A Philadelphia City Council member is trying to push through an ordinance that would decriminalize small amounts of marijuana in the nation’s fifth-largest city.
Criminal penalties for simple possession of up to 30 grams of cannabis, slightly more than an ounce, would be removed if the ordinance, proposed by Council Member Jim Kenney, becomes law. A $25 civil fine for a “code violation” would apply instead.
Police would issue citations on the scene, and violators would pay them like speeding tickets. The court system generally wouldn’t be involved.
Decriminalization Opposed by Philly Mayor
Under Pennsylvania law, it’s currently a misdemeanor to possess 30 grams or less, with penalties of up to 30 days in jail and a $500 fine. Attempts to reform state law have stalled in recent years.
Police would still have the power to arrest offenders under the plan proposed by Kenney. That quirk alone led Mayor Michael Nutter to oppose the proposed ordinance.
Letting police decide in the field whether they should arrest someone for a decriminalized offense would almost certainly create injustices, said Public Safety Director Mike Resnick.

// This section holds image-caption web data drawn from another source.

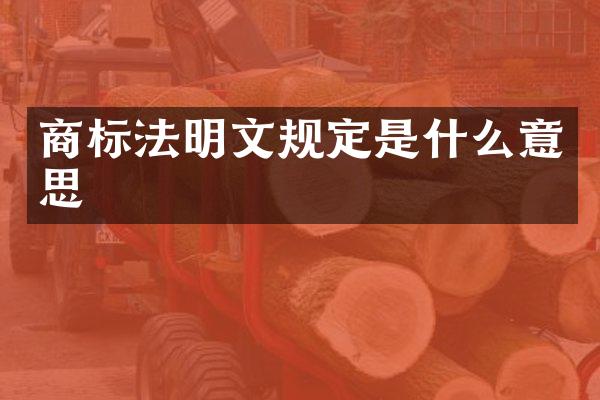 商标法明文规定是什么意思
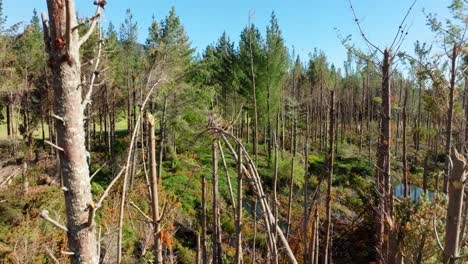 Aerial-view-over-pine-trees-damaged-by-cyclone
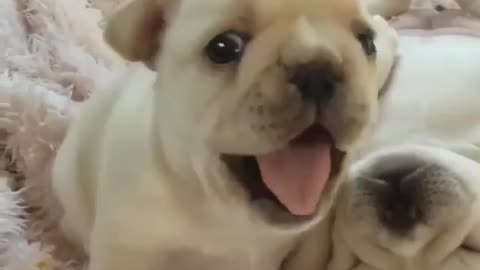 look at this cute puppy01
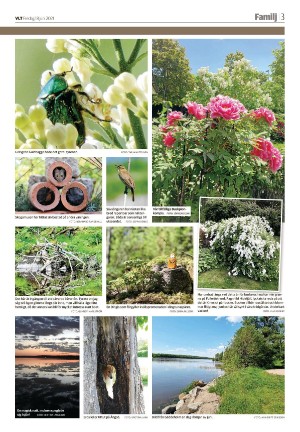 vestmanlandslanstidning_b-20210618_000_00_00_003.pdf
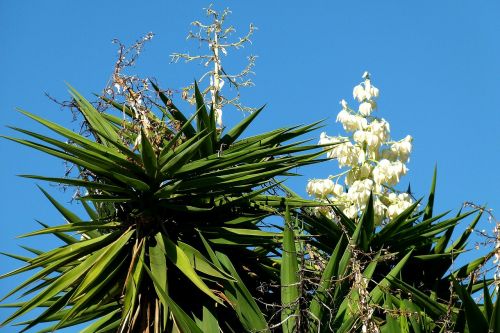 agave plant flora
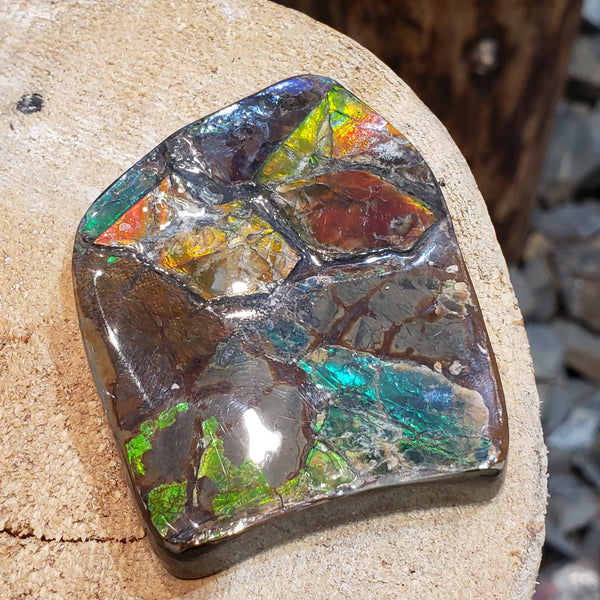 Ammonite Art Piece 64X51mm PN: E150-K %product from Empire Ammolite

“The consequences could be significant as equally reasonable and well-trained law enforcement professionals make decisions in widely varying circumstances,” Resnick said. “Consistency and fairness are the hallmarks of procedural justice, and allowing or creating such a dichotomy of possible outcomes for the same violation is simply unfair.”
Hopes to Help Young People
But the bill was approved by a committee of the City Council June 9 and sent on to the full council for a vote this month.

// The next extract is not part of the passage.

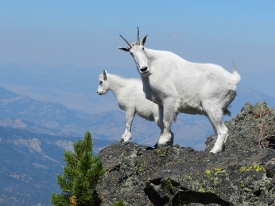 Nanny mountain goat with her kid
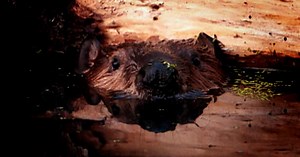 Oregon Field Guide:Beavers and Wildfire Season 33 Episode 6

Kenney said the key concerns behind the ordinance were redirecting resources for police and the courts, and saving young people from the damage a criminal record can cause.
“I think the problem is carrying an arrest record around for probably most of your life when you make a mistake as a 25-year-old,” Kenney said. “That is more obnoxious than anything else we’re concerned about here.”
Bishop Darrell Robinson of the Yesha Ministries, a supporter of Kenney’s ordinance, agreed, saying current laws hit young black men the hardest while sparing area college students.
Racial Disparity Is Large in Philadelphia
According to NORML, police in Philadelphia arrest African Americans for cannabis possession at five times the rate of whites, even though both races use weed at similar rates. Blacks make up 44 percent of the city’s population, while whites account for 37 percent.
“I can go to any of the universities and take them [police] to some of the frat parties and houses, and guess what?” Robinson asked. “Plenty of marijuana! They’re not being arrested, though. The only people who are really being arrested are these black youth.”
Kenney took a stab at decriminalization earlier this year. That attempt would have given police the authority to write citations so violators could avoid booking, but it would have required that they later go to court.
That proposal made it through committee, but it never came up for a full council vote because of objections from Nutter and the courts. Kenney’s latest effort will likely be voted on June 19.